Vice President of the Board of Education Dr. Brian Goldberg agrees with Margo in that so much wasted time and money is put into dealing with lawsuits.

“Many people see the school district as an easy target with deep pockets and we live in a very litigious society. People’s first reaction is to sue…[and] this requires the board to spend time and money in defending or suing in order to protect itself,” Goldberg said. “We [have also] spent a lot of energy addressing an investigation into the summer Sports Academy, which was necessary but costly in terms of time and energy taken away from other issues.”

However, achievements such as “supporting more opportunities for students to compete and engage in in extra curricular activities [such as] debate, Science Olympiad, DECA, Math Counts, ACADECA, Robotics, etc.,” has been, according to Goldberg, one of the Board’s greatest achievements this year.

Goals for next year include “rebuilding the administrative team at the high school and ensuring [that] they have the tools and resources necessary to make BHHS a positive learning environment for our students and ensure academic success,” Goldberg said.

Large changes in faculty have been made, and by next year, a new administration will take over. Both Margo and Goldberg are confident that this change will only increase the quality of the school.

“I hope the change next year is a step forward…it’s designed to take a step forward, though things can go wrong,” Margo said. “Not knowing an outcome is a risk, but we don’t take risks. The real risk is knowing that there are members of our faculty that could be more effective, but aren’t. Everybody deserves to have that great teacher that they rave about all the time.”

Margo believed that Beverly’s former position as one of the best high schools in the country was attributed to the skilled staff that once taught at Beverly, and that the district has lost sight that the key to a high quality school is a group of high quality teachers.

“I’ve tried stressing that the most important and effective way to be successful is to have the best teachers in our classrooms, and I think my colleagues are just beginning to see that,” Margo said. “Back when this school was among the best in the country, the staff was the reason, not the parking or buildings or all the other things we talk so much about; it’s the staff. We want to get to a point where students don’t complain about their teachers because everyone will learn and have that teacher they love.”

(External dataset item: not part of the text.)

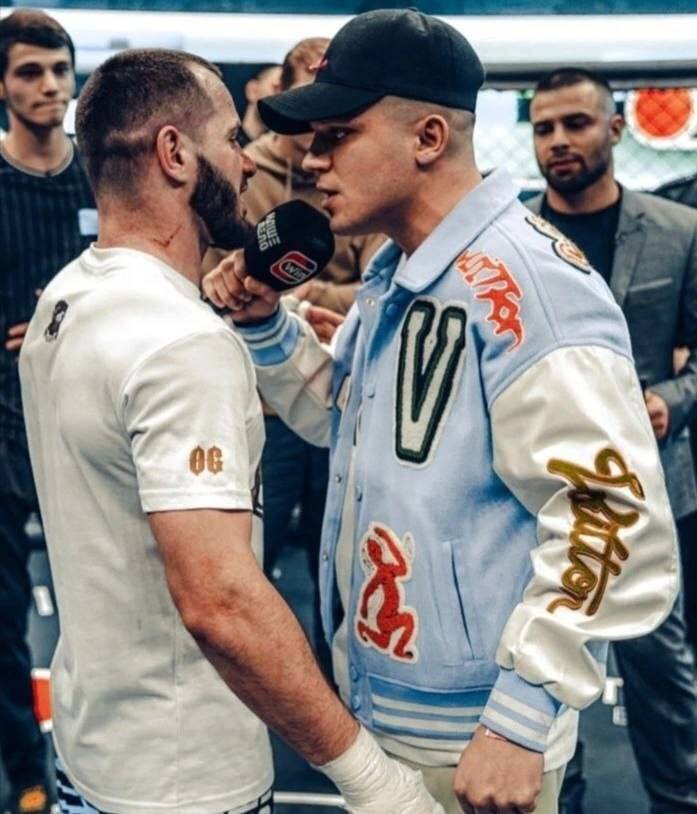 .💬«Фарид, слушай сюда. Ты выиграл пацана, который меньше тебя на 12-14 кг и гордишься этим. Я обещаю, что скоро разобью твои фары и порву тебе ж*пу, как ты и просил. «Наше дело», я жду контракт», - заявил Чеботарев.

Goldberg agreed that “without great teachers who engage our students in learning a promote a positive learning environment in the classroom, our academics will not improve.”

He also stated that the “most important role our aviv struts have with regard to academic success is the evaluation of teachers.”

However, Goldberg went on to say that it is “often hard to balance all the competing interests within the district when there are limited resources and the students live in real time, meaning they do not get a do over for any school year.”

“As a board we have to constantly be looking at the big picture and see how everything fits together in a large puzzle that is BHUSD,” Goldberg said. “To be effective, we must keep focused on the big picture which can make you very unpopular and misunderstood at times.”

However, the key to being a successful board is to exhibit effective and powerful leadership, according to Margo.

“Something I’ve learned is that leadership comes from the gut…Sacramento doesn’t always know best.”